Robin Zebrowski
Must Read in Your Field
Gödel, Escher, Bach: An Eternal Golden Braid
By Douglas R. Hofstadter
This is probably still the classic cognitive science book. It’s fairly old for a disciplinary book, and there have been about a million other valuable books written since 1979, but it’s the book that I read in college and it ignited my interest in the mysteries of cognition. Reading it gives one that flash of excitement and spark of insight that all great (and greatly written) books offer.
Favorite Book to Teach
Natural-Born Cyborgs: Minds, Technologies, and the Future of Human Intelligence
By Andy Clark
For the past 10 years, I’ve been teaching Andy Clark’s Natural Born Cyborgs: Minds, Technologies, and the Future of Human Intelligence to one of my classes, and it’s definitely a contender for favorite. The technologies discussed are getting a bit dated, but Clark paints a picture of human beings as always entwined with our technologies. It is human nature to be altered, body and mind, by the tools we encounter (including written language). Students don’t always agree with the claims, but they’re always moved by the implications, and they love to learn about the state of emerging technologies and how they’ll impact their lives in the coming decades.
For Pure Enjoyment
The Stone Sky
By N.K. Jemisin
I just finished The Stone Sky, the third book in N.K. Jemison’s Broken Earth series. I think every book in the series has won the Hugo or the Nebula (or both). The three-book series plays with time and narration in clever ways.
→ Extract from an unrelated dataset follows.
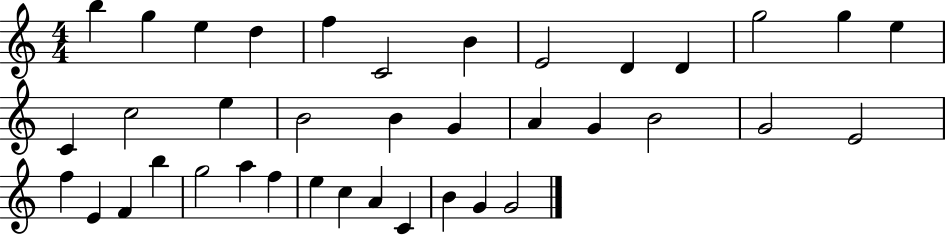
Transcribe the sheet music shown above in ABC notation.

It’s about a world where there are planet-wide geological events that happen every so often and usually result in enormous widespread destruction of life. There is a special breed of people who are able to manipulate the rocks (to prevent, or sometimes cause, such cataclysms). The book reaches across deep time to chronicle (and challenge) the history of both the people and the planet. There are deep allegories for racism throughout, which is one of the ways the book does so much work. On the surface, it’s a book about growing up, parenthood, oppression, and magic. And more.
Book That Changed the Way You Think
Metaphors We Live By
By George Lakoff and Mark Johnson
Literally every book I’ve ever read changed the way I think at least somewhat, because that’s what books do! But I’ll offer one fiction and one non-fiction here. First, the non-fiction: Metaphors We Live By examines how our bodies play a constituting role in how we think, and about how language reveals deep truths about the structure of the mind. I had been studying cognitive science for about six years when I read it, and it completely upended everything I thought I knew about the mind. I went on to study with Mark Johnson because it was such a meaningful shift in my thinking.
[Fiction] Solaris
By Stanislaw Lem
Solaris had an early impact on me during a formative time. The premise involves an alien planet with an intelligent ocean. It was genuinely the first fiction I read that really challenged what I thought were necessary and sufficient conditions for being an intelligent creature. As someone who studies artificial intelligence, this is exactly the kind of challenge that excites me. I genuinely believe this story made me a stronger AI researcher.